From: Michael Vrable <mvrable@cs.ucsd.edu>
Date: Wed, 30 Jun 2010 23:59:14 +0000 (-0700)
Subject: Some new format design notes.
X-Git-Url: http://git.vrable.net/?a=commitdiff_plain;h=ecf88ab2b1c8d590c6db57571ad9d7e16c2df45b;p=bluesky.git

Some new format design notes.
---

diff --git a/bluesky/DESIGN b/bluesky/DESIGN
new file mode 100644
index 0000000..78ad412
--- /dev/null
+++ b/bluesky/DESIGN
@@ -0,0 +1,124 @@
+                         BlueSky Storage Design
+
+At a basic level we use a fairly standard filesystem design: the
+filesystem consists of a collection of inodes which in turn point to
+data blocks.
+
+There are three different levels at which data can be stored/committed:
+  1. In memory within the BlueSky proxy
+  2. Written to local disk at the proxy
+  3. Committed to cloud storage
+
+Updates can be made at level 1 with very low overhead, and the hope is
+that consecutive updates are batched together at this point.  Data is
+flushed from 1 to 2 by writing out updated data blocks and serializing
+new versions of inodes.  In a log-structured design, data is commited
+from level 2 to 3 by grouping together dependent items into log segments
+and flushing those log segments to the cloud.  Some data might be
+garbage-collected if it becomes dead before it is flushed to level 3.

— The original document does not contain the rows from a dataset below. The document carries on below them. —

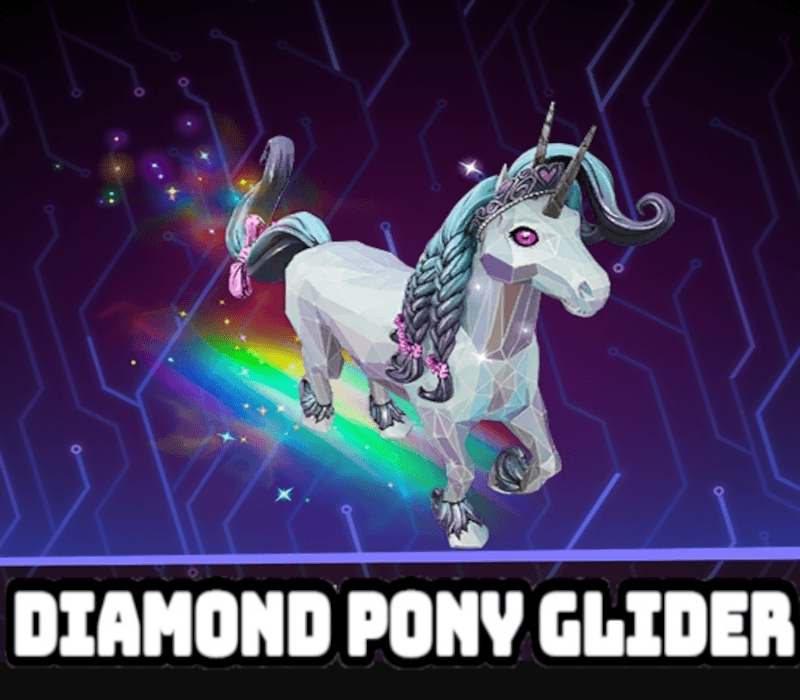 Fortnite - Diamond Pony Glider cover art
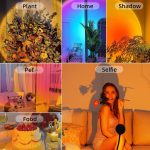 Remote Controlled Sunset Lamp - Image 3
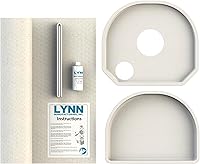 Vista 2 de Lynn Manufacturing Kit de cámara de combustión de repuesto, Burnham V7, sin puerta abatible, 8202701 y 82027022, 1066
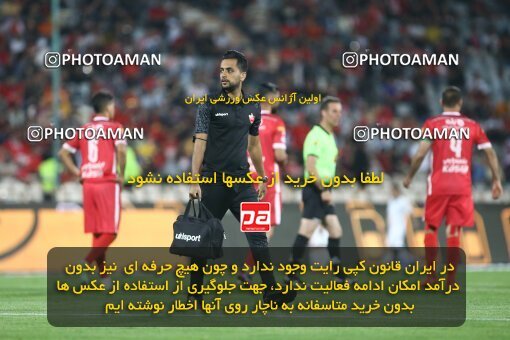 2000300, Tehran, Iran, لیگ برتر فوتبال ایران، Persian Gulf Cup، Week 25، Second Leg، Persepolis 2 v 0 Paykan on 2022/05/04 at Azadi Stadium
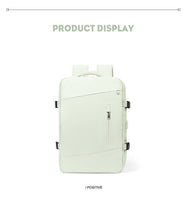 Travel Backpack Unisex Laptop Bag Students Business Trip Backpack USB Charge B136 - Lusy Store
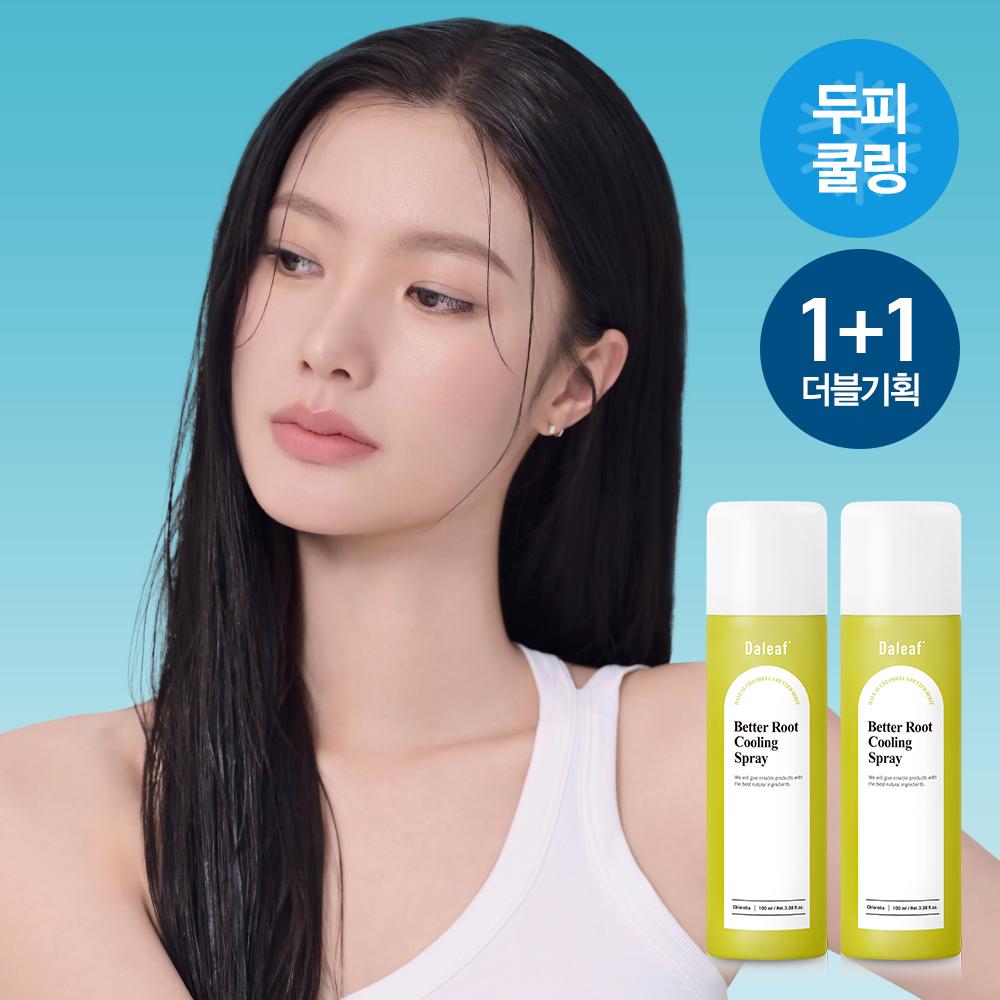 Dalif Chlorella Better Root Cooling Spray 100ml (Alleviates Scalp Fever/hair Loss Symptoms)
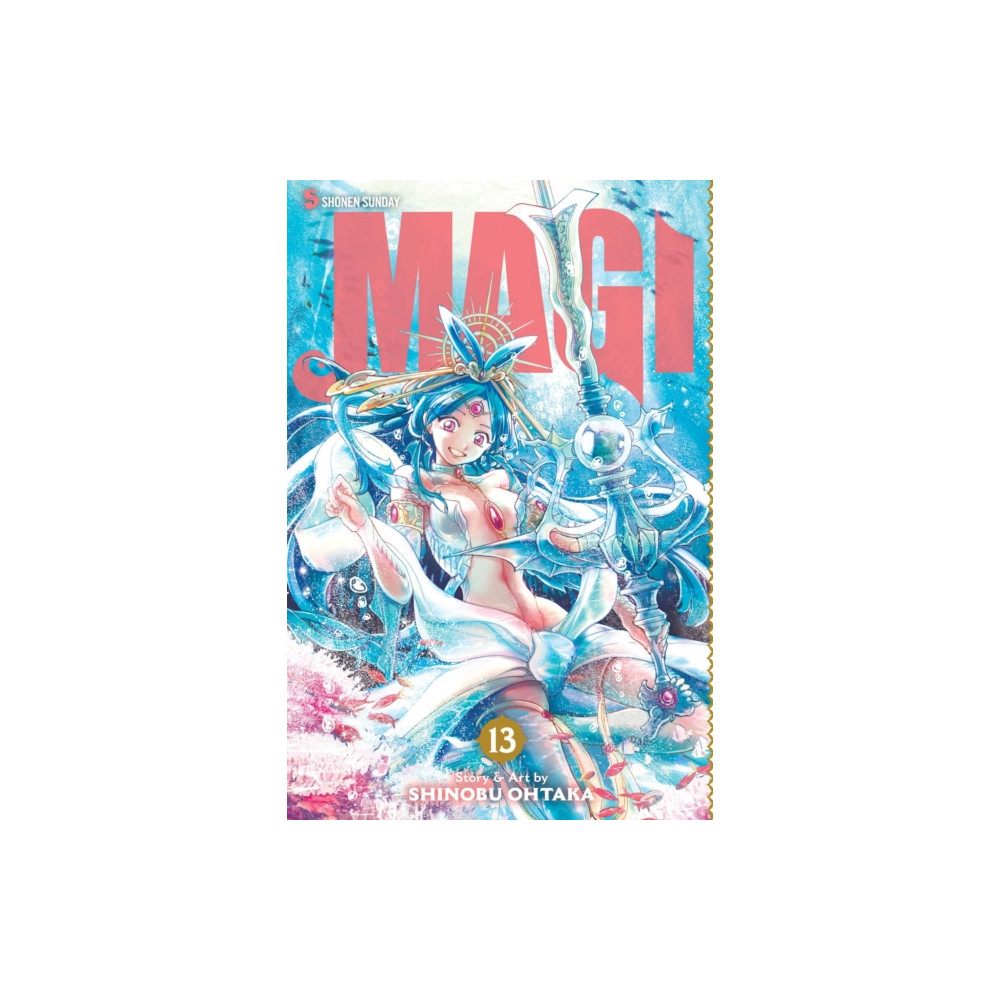 Produktbild för Magi: The Labyrinth of Magic, Vol. 13 (häftad, eng)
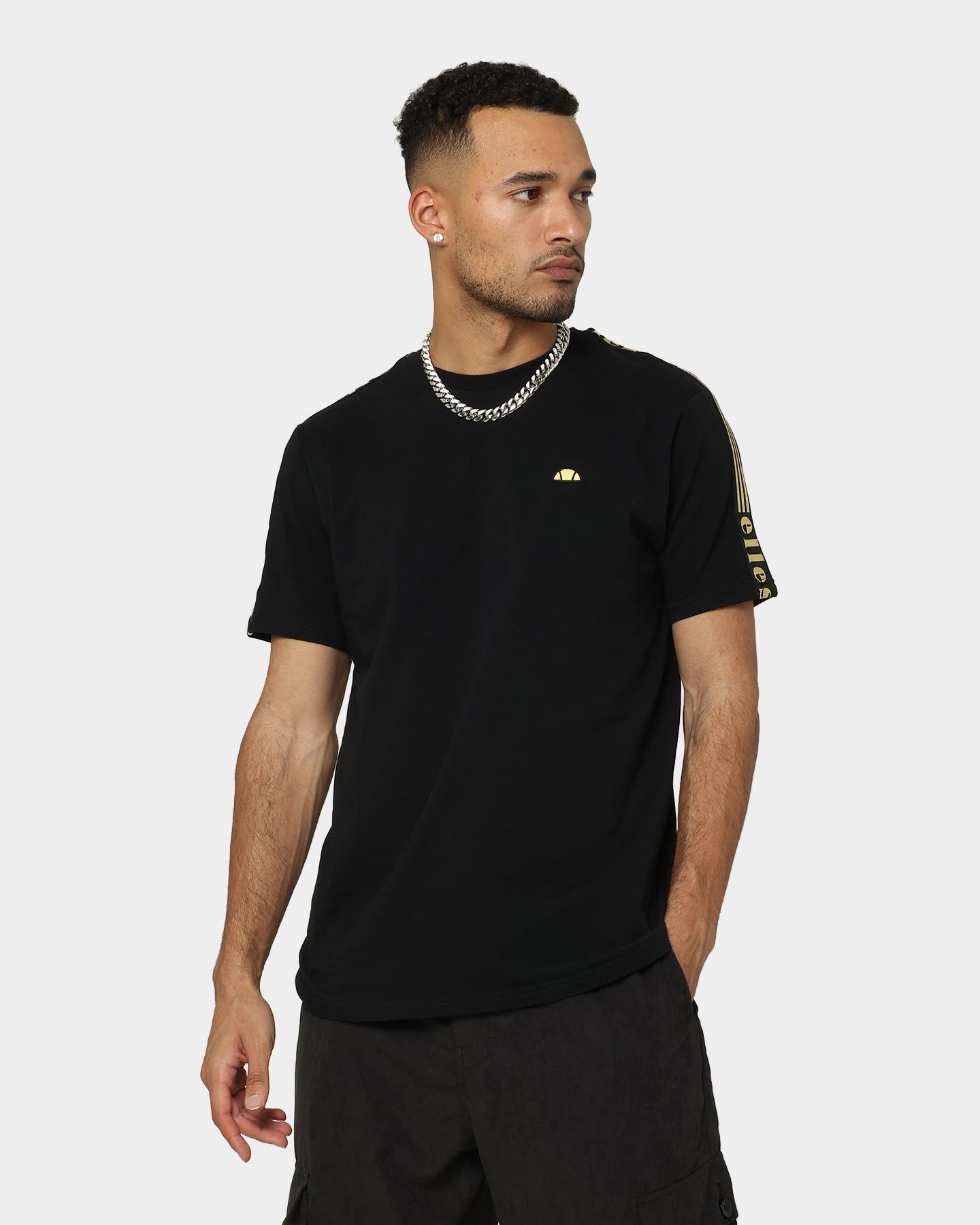 Ellese Astral T-Shirt Black/Gold sold by Culture Kings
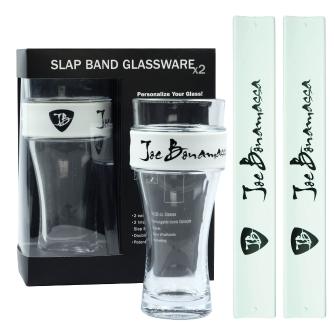 Joe Bonamassa 2-pack Slap Band Pint Size Glassware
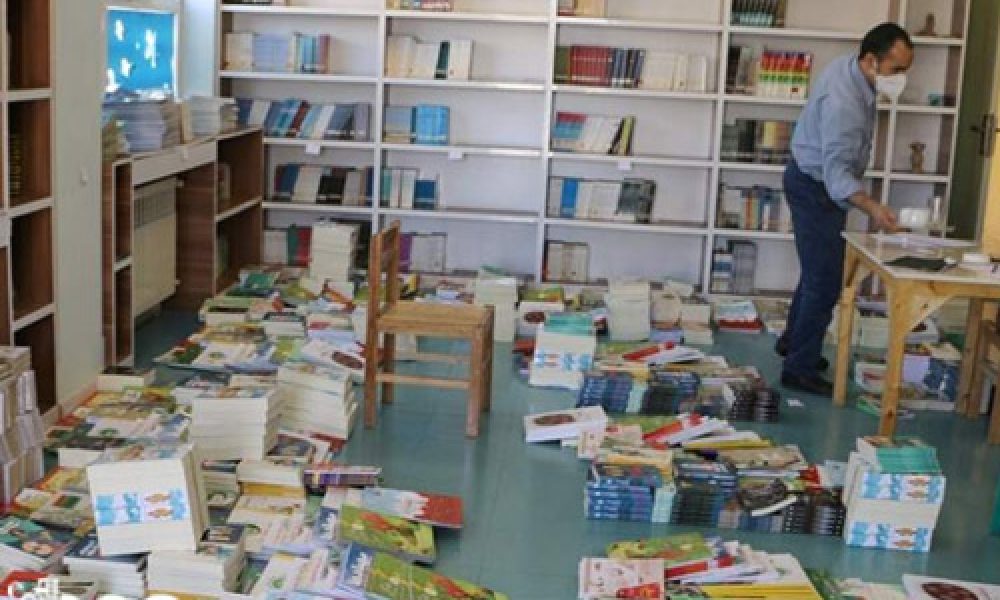 تجهیز کتابخانه های کانون پرورش فکری استان سمنان به ۸۱۵۰ کتاب جدید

+Encryption is likely only implemented at level 3 (or possibly at level
+2).
+
+Level 1 is primarily an implementation detail of the BlueSky library and
+need not preseve any inter-version compatibility.
+
+For level 2 we have a collection of objects with edges between them
+representing two types of dependencies: data dependencies (as between an
+inode and the data blocks it references), and ordering dependencies (for
+example, a directory should not be committed until any new inodes it
+references are also committed, though there is not a data dependency
+since the directory only references the inode number not the inode
+itself).  Data blocks are unversioned (if we change the data in a file,
+we write a new data block and point the inode at the new block name).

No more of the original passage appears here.